Of Fairytales and Magic by Emma Hamm

Chapter 19

“Hello Freya,” the owl man said.

He knew her name. And of course he did. She knew him as well, although her mind insisted they had never spoken before in her life. Those weren’t her memories, though. She had met him a thousand times over because her very soul stretched with happiness when she saw him. It was like some piece of her heart started beating again at the sight of him.

“Goblin King,” she repeated. “Why do I know that name?”

He tilted his head to the side, and a slight breeze ruffled the feathers of his cheek. “I don’t know. It’s familiar to me as well.”

So he had no memories either. Or if he did, he was keeping them close to his chest while she struggled to find her own. The weight of that unknown magic pressed down on her shoulders, and the Goblin King reached out to steady her again.

“Are you well?” he asked. There was a sincerity in his words that she doubted any of the other creatures here were able to voice. As though he did fear for her wellbeing, and that if she hadn’t been well, then neither would he.

“I’m fine,” she muttered. Freya pressed a hand to her forehead and shook her head. “It all feels so muddled up here right now.
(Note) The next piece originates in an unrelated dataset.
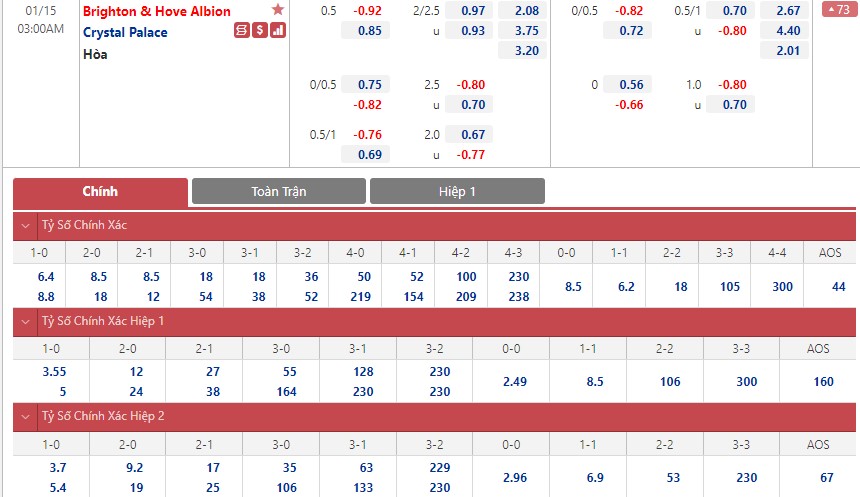Soi bảng dự đoán tỷ số chính xác Brighton vs Crystal Palace, 3h ngày 15/1 - Ảnh 1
Like I’m supposed to be somewhere else or know something about what’s happening.”

The fog in her mind remained strong and true. No matter how hard she fought against it.

He blinked a few times, brows furrowed as though he knew there were memories to remember in his own head, but he couldn’t quite do it either. The Goblin King looked down at his clawed hands and raised them between their bodies.

She stared down at those fingers, and the faintest hint of a memory grazed the back of her mind. She swore those hands had touched her before. Freya could feel the whispered sensation of them stroking down her back. Candlelight flickered along silver skin poured over strong muscles that flexed underneath her fingertips. Claws scraped down her spine, not with the intent to hurt, but because he couldn’t seem to touch enough of her.

She remembered that. It wasn’t some strange thought put in her head by a magical presence, not her own. That memory was all hers.

Holding tight to that knowledge, she looked up into his eyes filled with galaxies and tried harder. But all that brought was more pain thundering through her skull. Someone was trying to stop her from remembering.

“Perhaps,” he started, clearing his throat before continuing. “Perhaps if we dance?”

“I’ve been dancing already,” she replied. “It didn’t help.”

“But you weren’t dancing with me. And I think... I know we should dance together.” His fingers flexed, then flattened between them. Waiting for her to put her hands in his. “I don’t know why, but I think we were meant to do more than just dance.”

Goodness, he was right.

She could see an entire lifetime together, happiness in abundance and their future laid out as though it had been paved with gilded stones.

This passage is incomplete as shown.